Rae – she is now Mrs Rae Livesey and lives at Stottesdon, near Bridgnorth – got in touch with her memories after reading our recent feature about the 80th anniversary of the November 1940 blitz on Coventry.

And a picture we carried of the devastation caught her eye, showing that building – a bank – which was her father's post-war workplace.

"It's now the National Westminster Bank, but used to be the National Provincial Bank. We moved to Coventry from Yorkshire in 1947, and I was aged seven," she said.

"The only thing standing in the centre of Coventry was the old spire, and that bank. They put up little corrugated shops.

"The bank is a beautiful building. Apart from its white pillars there are silver doors divided into squares depicting different coins.

"They wanted to pull it down. My father was accountant in charge and he wouldn't let them. The last time I was there, which is going back 10 or 15 years now, they had got it as a show branch exactly as it was, with mahogany desks and tiled floors.

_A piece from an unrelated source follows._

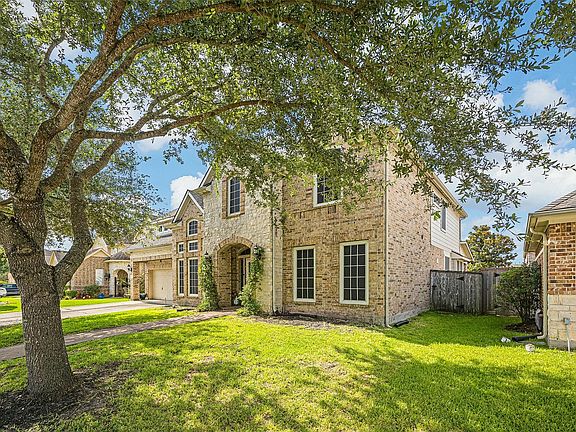 4th image of 9710 Victoria Rose Ln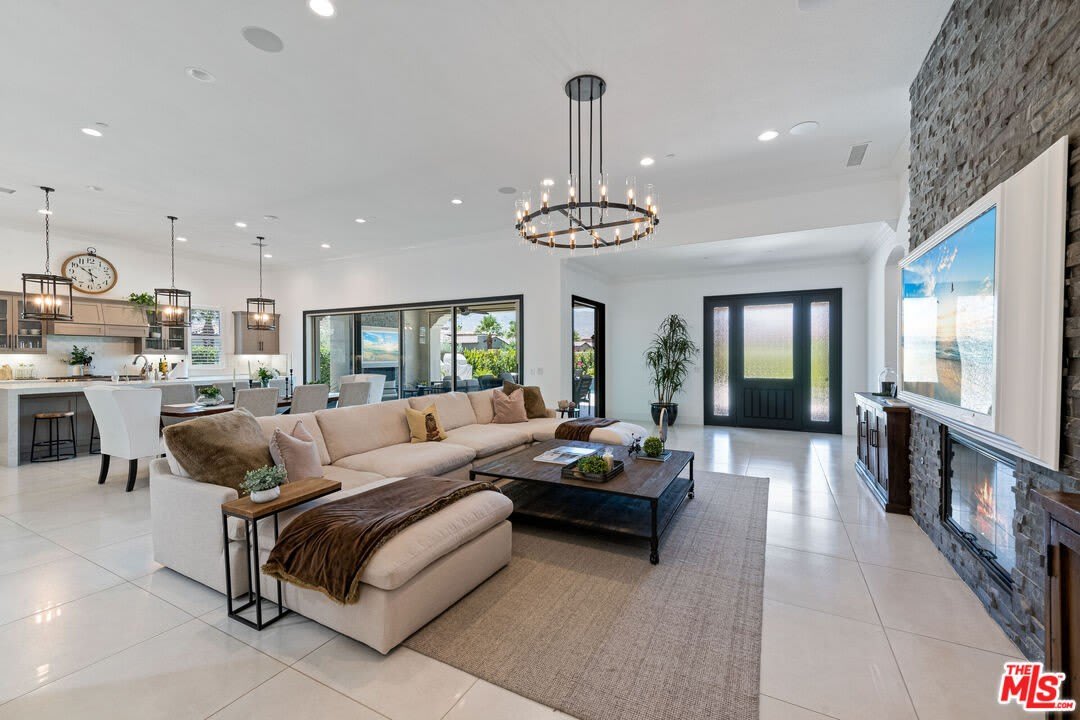 55140 SPRING CREEK Ct – photo 2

"It's beautiful, but nobody ever mentions it. It's a bit strange. Somebody ought to stir them up a bit, I think. Apart from the cathedral, it was the only other interesting building left."

Despite only being a child, Rae remembers how shocking the devastation in the Broadgate area of the city was.

The new Broadgate was the first part of the new city centre to be completed and was officially opened by the then Princess Elizabeth in 1948.

"With my father being in charge of the bank we went there and took photographs from the top of the bank roof.

"We were in Coventry for seven years, and then my father was manager at Dudley and Brierley Hill for the National Provincial Bank."